While Democrats tear themselves apart over President Biden’s disastrous debate performance and his refusal to consider stepping aside, the Republican National Committee, without much fanfare, has released its 2024 platform.
Compared with previous platforms, it dials back references to abortion — downplaying what is, for Republicans, a losing issue. That choice goes along with Donald Trump’s recent attempt to distance himself from the extremist Project 2025 — even though that blueprint was concocted by some of his close political allies. Here, Trump is clearly employing sleight of hand in an effort not to be seen as autocratically inclined. But at this point, if you believe that, I have a degree from Trump University I’d like to sell you.
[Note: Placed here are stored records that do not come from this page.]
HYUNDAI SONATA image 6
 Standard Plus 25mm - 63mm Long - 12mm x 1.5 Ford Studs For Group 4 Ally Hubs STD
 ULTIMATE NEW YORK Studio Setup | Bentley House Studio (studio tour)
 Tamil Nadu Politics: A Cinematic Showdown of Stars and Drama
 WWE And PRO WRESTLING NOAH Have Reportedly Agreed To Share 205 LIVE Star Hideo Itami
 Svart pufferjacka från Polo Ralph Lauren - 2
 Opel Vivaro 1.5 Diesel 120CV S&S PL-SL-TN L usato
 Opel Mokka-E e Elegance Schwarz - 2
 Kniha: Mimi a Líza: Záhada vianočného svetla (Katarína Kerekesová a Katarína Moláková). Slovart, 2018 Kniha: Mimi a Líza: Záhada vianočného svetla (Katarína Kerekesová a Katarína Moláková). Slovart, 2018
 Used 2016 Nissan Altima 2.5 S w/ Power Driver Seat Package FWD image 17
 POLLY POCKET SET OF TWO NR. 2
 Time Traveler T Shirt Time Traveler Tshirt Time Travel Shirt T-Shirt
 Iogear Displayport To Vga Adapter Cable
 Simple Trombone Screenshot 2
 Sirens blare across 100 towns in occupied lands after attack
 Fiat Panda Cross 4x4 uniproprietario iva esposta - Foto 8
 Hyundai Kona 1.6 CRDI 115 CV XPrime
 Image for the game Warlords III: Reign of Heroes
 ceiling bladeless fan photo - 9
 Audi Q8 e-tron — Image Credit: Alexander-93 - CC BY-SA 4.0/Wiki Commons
In any case, there’s nothing moderate about a platform whose first plank reads, “SEAL THE BORDER, AND STOP THE MIGRANT INVASION” and whose second item calls for “THE LARGEST DEPORTATION OPERATION IN AMERICAN HISTORY.” (Yes, the list is in all caps, just in case you need help imagining Trump shouting it to you from a Mar-a-Lago ballroom.)
I’ll have a lot more to say about Republican policy ideas in the weeks ahead. For today, however, I want to focus not on what the platform proposes but what it says about the G.O.P. image of America today — a dystopian vision that bears hardly any resemblance to the vibrant country I know, a nation that has coped remarkably well with the aftermath of the Covid-19 pandemic. Republicans may try to brand themselves as patriots, but they truly appear to despise the nation they live in.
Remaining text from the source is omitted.